Cameron considers ban on UK jihadists returning home
British-born jihadists in Iraq and Syria could be temporarily banned from returning to the UK under plans being considered by the government.
The BBC understands UK nationals suspected of being involved in terror acts would be allowed to keep their British citizenship.
But they would be prevented from re-entering the UK for a period of time.
David Cameron will set out plans to counter the threat posed by Islamic State militants to MPs on Monday.
At least 500 people from the UK are thought to have gone to fight in Syria, although ministers say they do not know the exact number.
The number of people arrested in the UK for Syria-related activity stands at 69, according to a recent briefing by senior police officers.
In his statement the prime minister is also expected to announce plans to make it easier to seize the passports of would-be terrorists travelling abroad.
A government source told BBC News: "The government is considering a range of measures to keep the country safe in the face of an increased threat level from Islamist extremism.
"The areas include making it harder for potential foreign fighters to travel abroad by making it easier to remove their passports through additional temporary seizure powers at the border.
"We are also looking at stopping British citizens from re-entering the country if they are suspected of terrorist activity abroad.
"Previously, our range of powers to prevent return to the UK applied only to foreign nationals, dual nationals or naturalised citizens."
The government source confirmed "details of the package are being finalised" and would be announced by the prime minister in a Commons statement on Monday.

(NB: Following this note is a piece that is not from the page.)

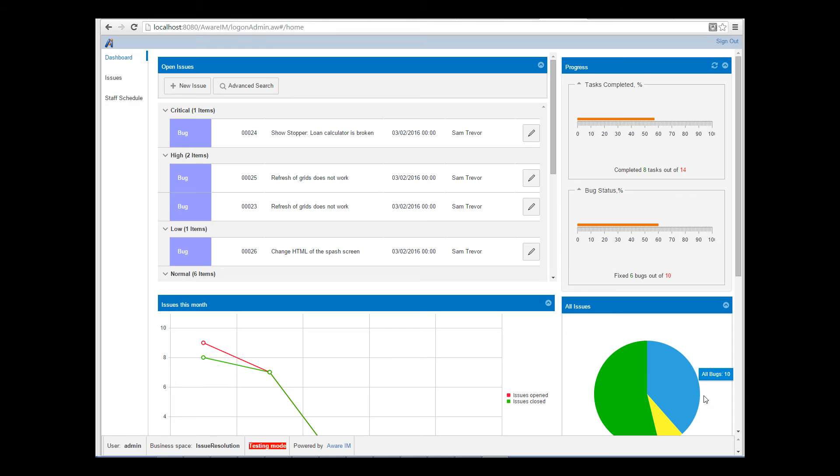You can use the described approaches with scripts and CSS not only for grids, but also for calendars, custom queries, charts, visual perspectives, and so on. For your scripts, you need to know which Kendo UI widget is used by AwareIM, if any. You can see the correspondence table in the Programmer's Reference Guide.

But former Lib Dem leader Sir Menzies Campbell said a temporary ban on British citizens re-entering the country may be illegal.

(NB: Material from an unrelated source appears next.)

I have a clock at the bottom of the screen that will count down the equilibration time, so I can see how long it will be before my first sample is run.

Sir Menzies told BBC Radio 4's The World This Weekend: "I think it's rather difficult and it might well constitute illegality. To render citizens stateless is regarded as illegal in international law.
"To render them stateless temporarily, which seems to me the purpose of what's being proposed, can also I think be described as illegal.
"At the very least it's the kind of question that will be tested here in our own courts and perhaps also in the European Court of Human Rights."
Mr Cameron is also likely to consider strengthening terrorism prevention and investigation measures - or Tpims - which were the coalition's replacement for control orders.
However, the Liberal Democrats have said they would only agree to policies that were made calmly, on the basis of evidence and that maintained the liberty of British citizens.
The home secretary already has the power - under the Royal Prerogative - to withhold a passport if it is in the public interest to stop somebody travelling.
The UK's terror threat level was raised to "severe" from "substantial" on Friday in response to the deepening conflict in Iraq and Syria.
The new alert level rates the risk of an attack on the UK as "highly likely", although Downing Street said there was no evidence to suggest one is "imminent".
The rating is the second highest of five possible UK threat levels and is the highest since 2011.
Labour leader Ed Miliband has suggested the introduction of a "mandatory programme" of deradicalisation for people "drawn into the fringes of extremism".
Writing in the Independent, he also urged the government to revisit the decision to scrap the control orders regime for terror suspects.
Former Liberal Democrat leader Lord Ashdown has accused Conservative ministers of a "kneejerk" reaction to the terrorism threat from extremists.
He told The Observer the biggest threat was not returning jihadists but "a widening religious war which threatens, not just to engulf the Middle East and change its borders, but to spread across the entire global Islamic community".
Defence Secretary Michael Fallon said new measures to tackle the raised threat of terrorism in the UK were "not a knee jerk reaction", but were needed to deal with "some gaps" in "our current armoury".
Speaking on Sky News, Mr Fallon said the government was looking at "what more we can do to tighten up their movement in and out of Syria," adding: "We have to be better prepared."
He said a "number of young men [were] going to Syria and slipping back again" but he acknowledged the government did not know exactly how many Britons had gone to Syria and Iraq to fight.
"Nobody has an exact number, we know it is several hundred".
The defence secretary also confirmed two RAF Hercules aircraft took part in a humanitarian aid drop at Amerli in northern Iraq on Saturday night.
But he repeatedly said the UK had not been asked to take part in air strikes in Iraq.